In my current role with the University of Washington’s Cooperative Institute for Climate, Ocean and Ecosystem Studies, I work closely with NOAA’s Pacific Marine Environmental Laboratory Ocean Climate Stations group to advance knowledge of ocean-atmosphere coupling processes and modes of precipitation variability across time scales. Leveraging skills in research and data analysis, our team aims for a sustainable future for climate monitoring and deeper understanding of the global climate system.

Most of my work is done using global gridded data sets, satellite observations and in situ observing networks. I also collect in situ data such as upper-air profiles of atmospheric state variables, meteorological surface measurements, and Global Navigation Satellite System (GNSS) high time resolution tropospheric precipitable water vapor for application to the study of precipitation variability. I have installed GNSS-Met networks and upper-air stations in northwest Mexico, the Southwest US and Central America as part of my research activities. I am also part of a team exploring the use of Unmanned Surface Vehicles for observing heat and moisture exchange at the ocean surface and upper ocean 3D currents across the tropical Pacific, aimed at capturing high time and space scale variability targeted by the recently redesigned Tropical Pacific Observing System Task Teams to improve models of the tropical ocean.

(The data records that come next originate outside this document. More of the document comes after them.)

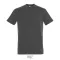 IMPERIAL-MEN TSHIRT-190g, Cotton, Dark Grey, TWIN, L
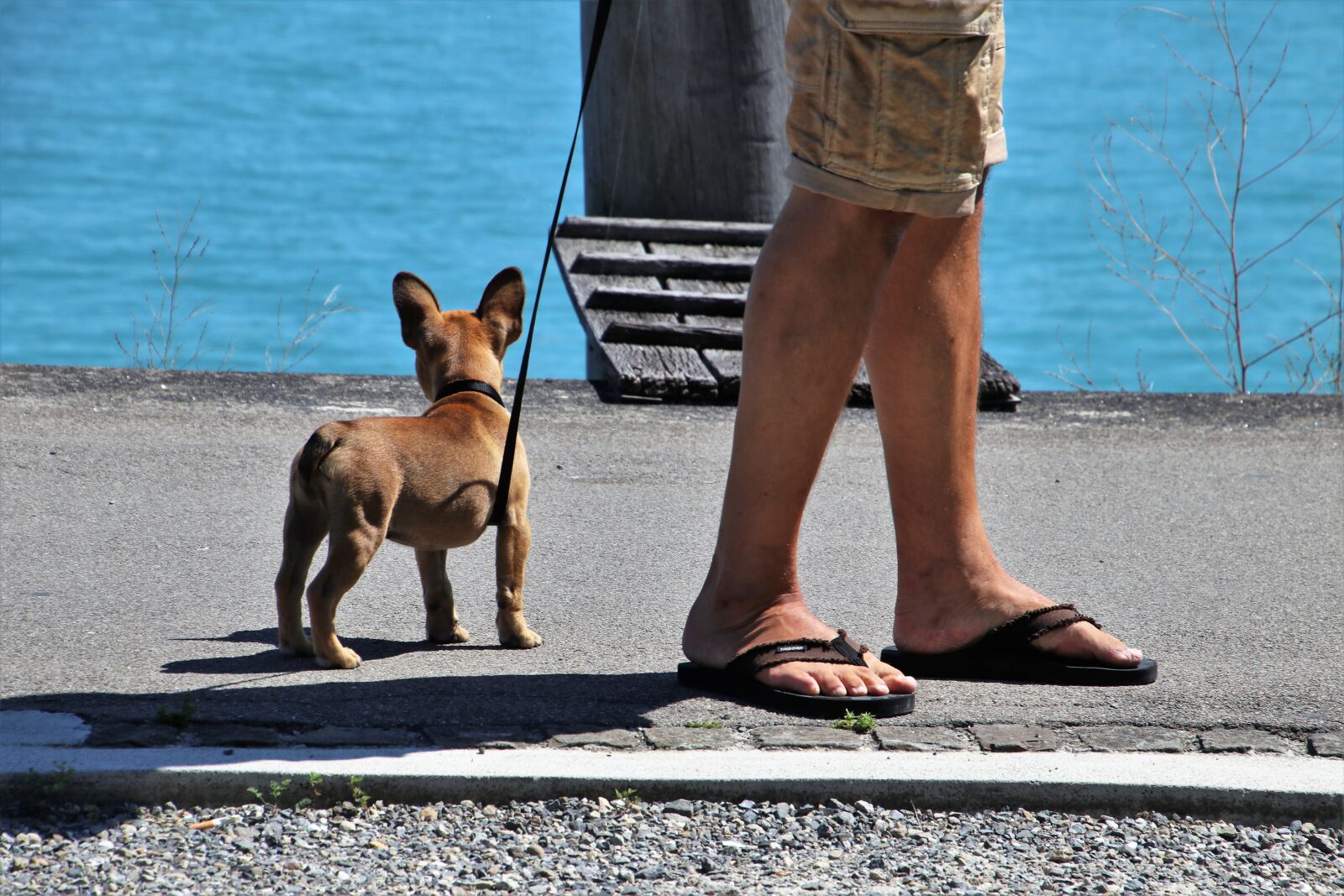 Canon EOS 80D sample photo. Dog, on a leash photography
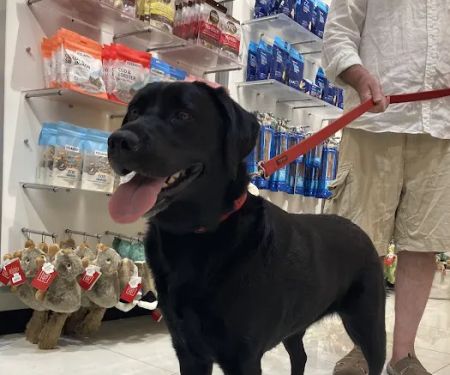 Boston Barkery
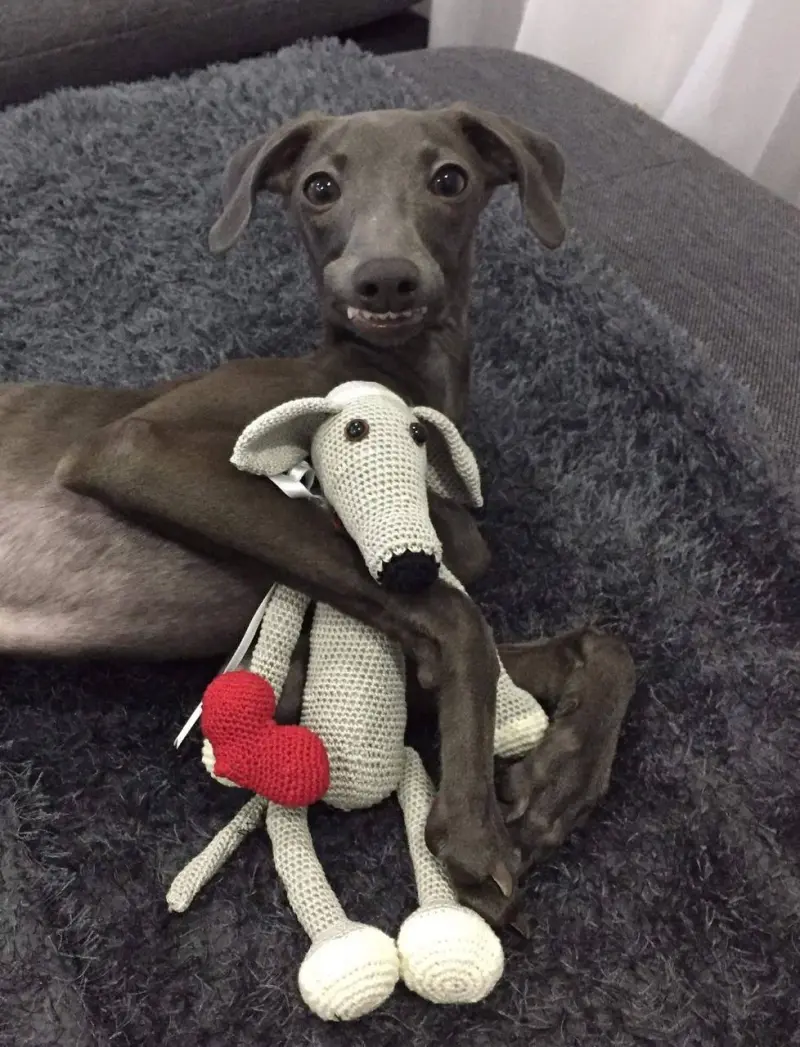 Уморительные фото животных, которые поднимут настроение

This research contributes to the current understanding of processes that control global heat and water budgets, with important consequences for operational forecasts and gridded data products. In addition, Central America, the Caribbean and the southwestern United States are global hot spots for increased temperatures and reduced rainfall by the end of the century. Thus, observing and advancing knowledge of precipitation variability in these regions is of particular importance for both assessing the uncertainty in the model future projections, as well as translating the impact of these projections to the local scale.